GFS splits large files into chunks of 64MB that are extremely rarely overwritten or shrunk, but typically appended to or read. These chunks are stored in cheap commodity servers (also nodes) called chunk servers and hence necessitated the design to take precautions against high failure rate of individual nodes and the subsequent data loss. Another design decision is to go for high data throughputs, even if it comes at the cost of latency.
The nodes are divided into two types – one Master node and a large number of Chunk Servers. Each chunk is replicated at least three times on a different physical rack as well as a different network to handles various possible failures. For files that have high demand or require more redundancy, the replication can be higher than three.
Each chunk is assigned a unique 64-bit label and the logical mappings of files to constituent chunks are maintained. The Master server stores all the metadata associated with the chunks:
1. Mapping the 64-bit labels to chunk locations and the files they are part of
2. Details of the location of the copies of the chunk and which of them is primary
3. Details of the processes that are reading or writing to a particular chunk
The metadata is kept current by the Master by periodically receiving updates (or “Heart-beat messages”) from each chunk server.
To read a file, the client program sends the full path and offset to GFS (Master) which returns the metadata for one of the replicas of the chunk.
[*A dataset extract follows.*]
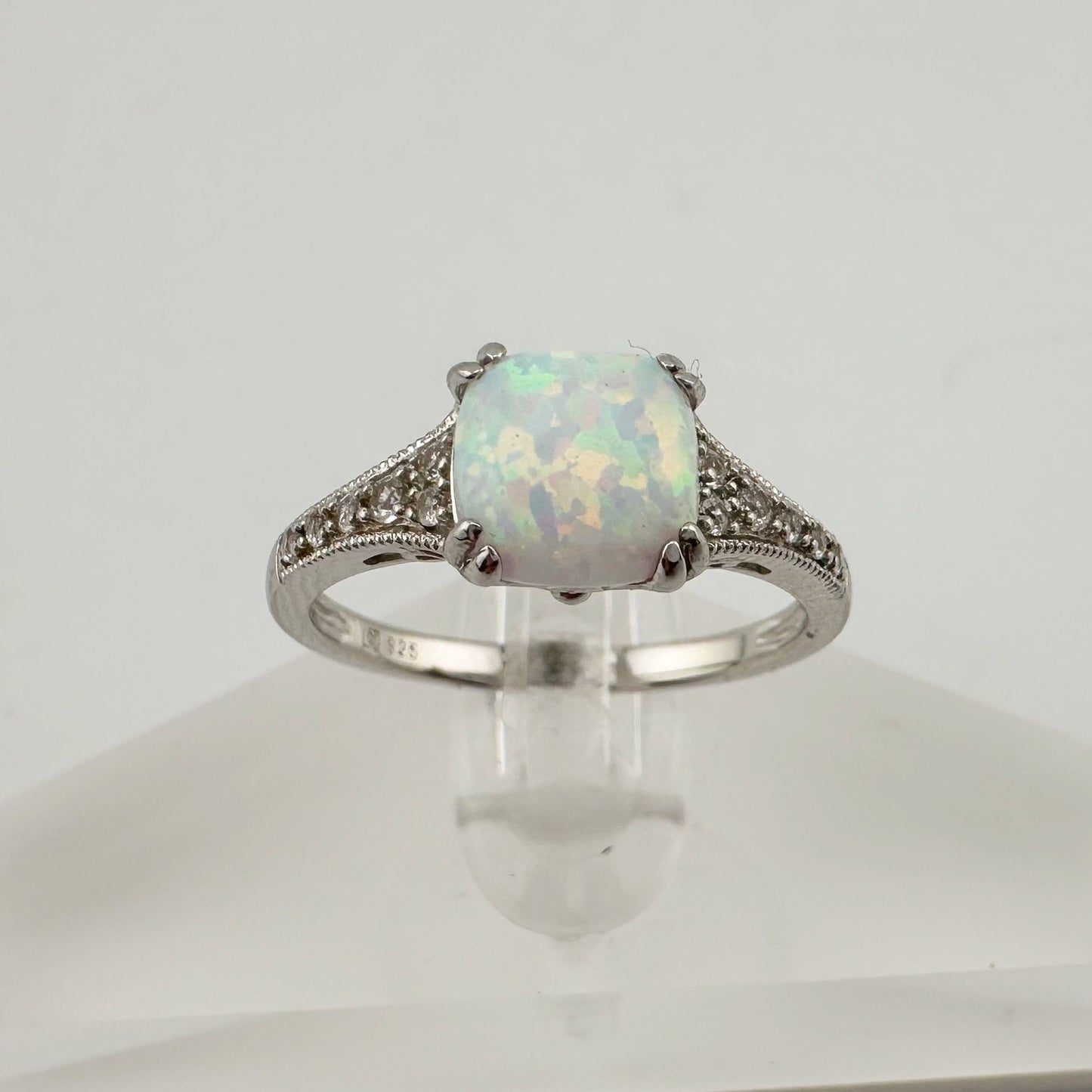 Beautiful 1.30 Carat Cushion Cut Lab Created White Opal Ring Size 7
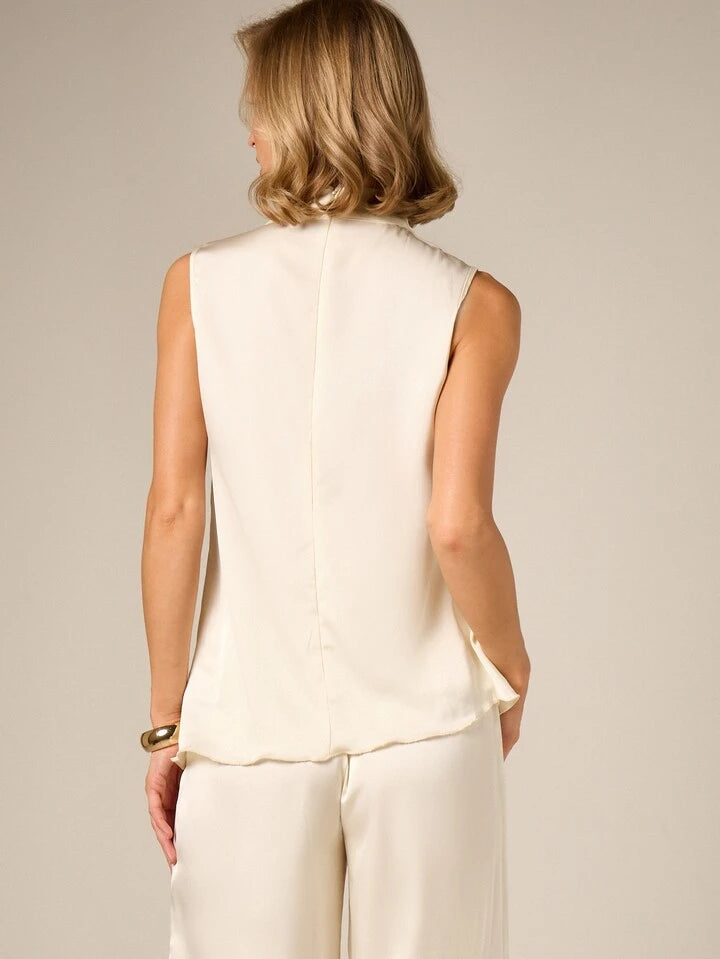 CM-TS197759 Women Elegant Seoul Style Satin Asymmetric Cowl Neck Sleevless Drape Blouse - Apricot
The client directly reads data from the designated chunk server. The client does not cache the data that is read as most reads are large, but caches the metadata instead so that it need not contact the Master every time.
In case of append, the GFS sends back the metadata for all the replicas of the chunk where the data is to be found. And the data append happens as follows:
- Client sends the data to be appended to all the chunk servers
- Client informs the primary chunk server once all acknowledge receipt of data
- The primary chunk first appends its copy of the data into an offset of its choice (it may be beyond the EOF as multiple writers may be appending the files simultaneously)
- The primary then forwards the request to all replicas
- The replicas in turn try to write the data at the same offset as primary or return failure
- In case of failure, the primary rewrite the data at a different offset and retries the process
Modifications, which are expected to be extremely rare, are handled by permitting time-limited, expiring “leases”. The Master server grants permission to the process for a finite period of time (provided there is no other pending lease) during which no other process will be granted permission to modify the chunk. The modifying chunk server (which always is the primary chunk holder) first modifies it copy and then propagates the changes to all the replicas. The changes are not saved until all the chunk servers acknowledge, thereby guaranteeing the completion and atomicity of the operation.
As there is a large amount of redundant data, google makes heavy use of compression which in turn gives significant benefits – with compressed data occupying as low as 10% of the original – as the data is predominantly text based.
GFS differs from traditional distributed file systems as it allows all nodes to have direct concurrent access to the same shared block storage. Unlike many filesystems, GFS is not implemented in the kernel of an operating system but is instead provided as a userspace library. Google BigTable is a distributed storage system that is built on GFS.